The same thing once more—I am a plain man, of few words; for this reason perhaps it is, that when I have said a thing I love to repeat it. Last week I endeavored to evince, that the only surety you could have for your liberties must be in the nature of your government; that you could derive no security from bills of rights, or stipulations, on the subject of a standing army, the liberty of the press, trial by jury, or on any other subject. Did you ever hear of an absolute monarchy, where those rights which are proposed by the pigmy politicians of this day, to be secured by stipulation, were ever preserved? Would it not be mere trifling to make any such stipulations, in any absolute monarchy?

On the other hand, if your interest and that of your rulers are the same, your liberties are abundantly secure. Perhaps the most secure when their power is most complete. Perhaps a provision that they should never raise troops in time of peace, might at some period embarrass the public concerns and endanger the liberties of the people. It is possible that in the infinite variety of events, it might become improper strictly to adhere to any one provision that has ever been proposed to be stipulated. At all events, the people have always been perfectly safe without any stipulation of the kind, when the rulers were interested to make them safe; and never otherwise.

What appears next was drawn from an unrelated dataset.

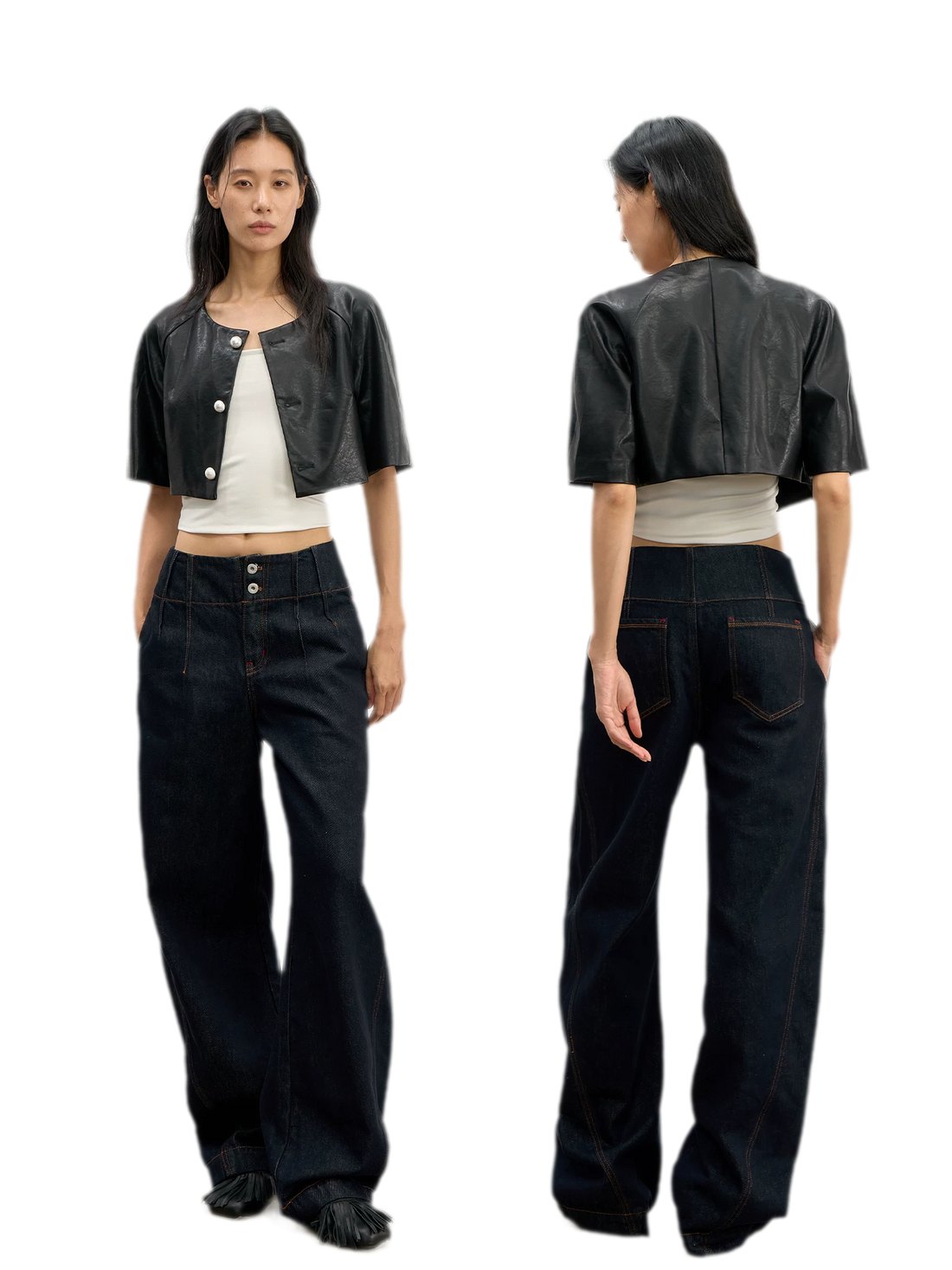 Textured Cropped Raglan Jacket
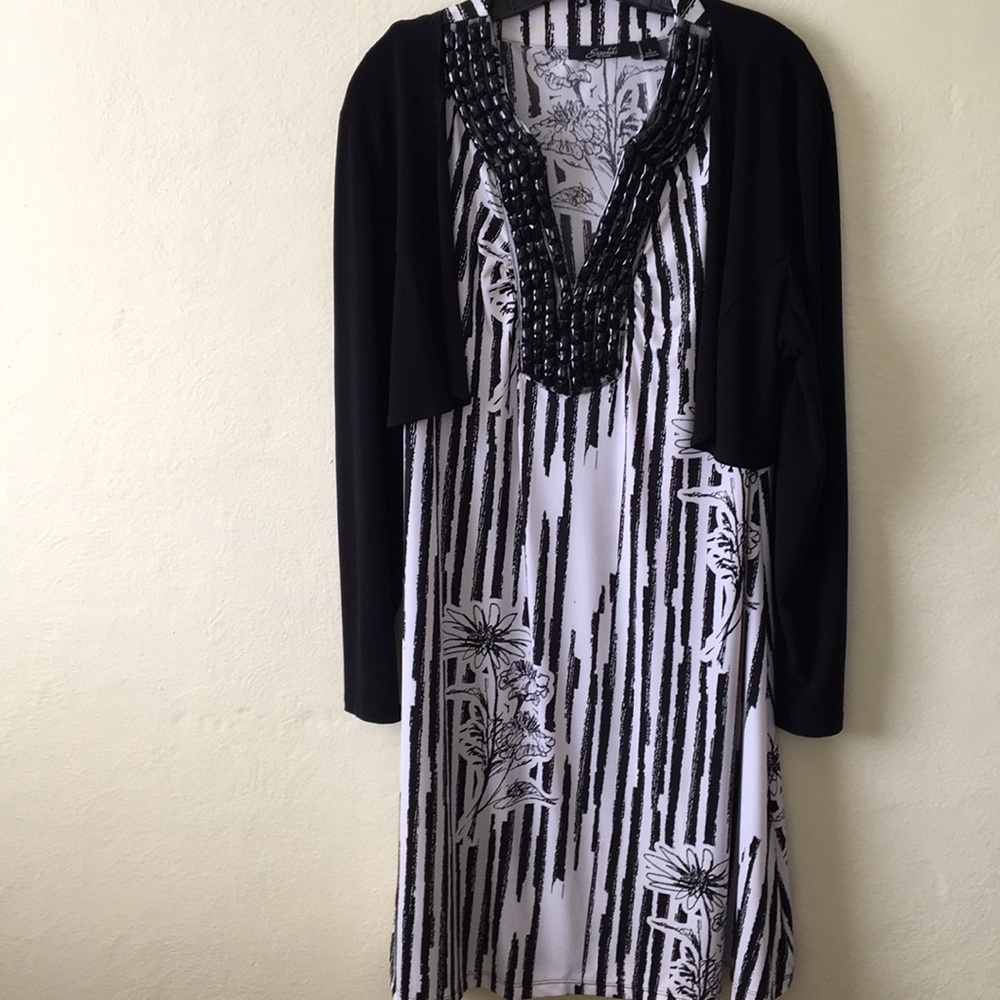Sleeveless dress with removable long sleeve top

No people can be more secure against any oppression in their rulers than you are at present; and no rulers can have more supreme and unlimited authority than your general assembly have. When you consult on the subject of adopting the new constitution, you do not enquire whether the powers therein contained can be safely lodged in any hands whatever. For not only those very powers, but all other powers, are already in the general assembly. - - - - The enquiry is, whether Congress is by this new constitution so formed that a part of the power now in the general assembly would be as well lodged in Congress. Or, as was before said, it depends on how far the members are under your control; and how far their interest and yours are the same; to which careful attention must be given.